All corrections
X May 20, 2026 at 05:18 AM

x.com/elonmusk/status/2056474896641782077

1 correction found

1
Claim
the judge & jury never actually ruled on the merits of the case, just on a calendar technicality.
Correction

This overstates what happened. The May 18, 2026 verdict was based on timeliness, but the court had already made merits rulings earlier in the case, including dismissing Musk’s fraud claims and granting Microsoft summary judgment on two claims.

Full reasoning

The statement says the court "never actually ruled on the merits". That is not accurate.

Before the May 18, 2026 statute-of-limitations verdict, Judge Yvonne Gonzalez Rogers had already made substantive merits rulings in the case:

  • On April 24, 2026, Reuters reported that Judge Gonzalez Rogers dismissed Musk's fraud claims while allowing only the breach-of-charitable-trust and unjust-enrichment claims to proceed to trial.
  • In the court's January 15, 2026 summary-judgment order (Document 390), the court granted Microsoft's motion for summary judgment on Musk's unjust enrichment and tortious interference with contract claims. That is a merits ruling on those claims.

So although the final May 18 verdict turned on the statute of limitations, it is false to say the judge and jury never ruled on the merits at all. The case had already been narrowed by earlier merits decisions from the court.

3 sources
  • US judge dismisses Musk's fraud claims in OpenAI case, plans to proceed to trial | MarketScreener (Reuters)

    April 24 (Reuters) - A U.S. judge on Friday dismissed Elon Musk's fraud claims in his lawsuit accusing OpenAI and co-founder Sam Altman of betraying OpenAI's original mission, but plans to proceed to trial on Musk's breach of charitable trust and unjust enrichment claims.

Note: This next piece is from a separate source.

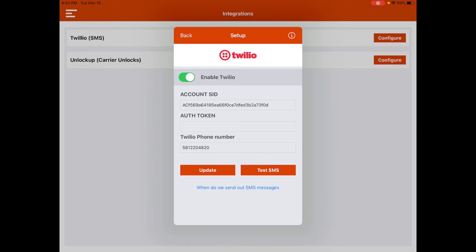After you have a paid plan with Twilio and you have your information ready, you can put that information into the Twilio setup in integrations. Then you'll be able to update it and enable that Twilio integration with this button right up here, after you have your SID, authorization token, and your Twilio phone number.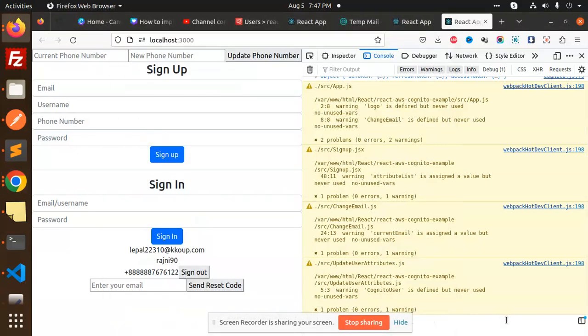Hello friends, welcome back to a new tutorial on React Cognito. Today we're going to learn how to update attributes with the help of Cognito and React. If you haven't subscribed to my channel yet, please subscribe, and if you like the video, please like, share, and comment.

  • Case 4:24-cv-04722-YGR Document 390 Filed 01/15/26

    The Court DENIES OpenAI defendants’ motion for summary judgment ... Microsoft separately moves for summary judgment ... • Microsoft’s motion for summary judgment is GRANTED as to Count IV (unjust enrichment) and V (tortious interference with contract) and DENIED as to Count XIX (aiding and abetting breach of fiduciary duty).

  • MUSK v. ALTMAN (2026) | FindLaw

    Microsoft's motion for summary judgment is GRANTED as to Count IV (unjust enrichment) and V (tortious interference with contract) and DENIED as to Count XIX (aiding and abetting breach of fiduciary duty).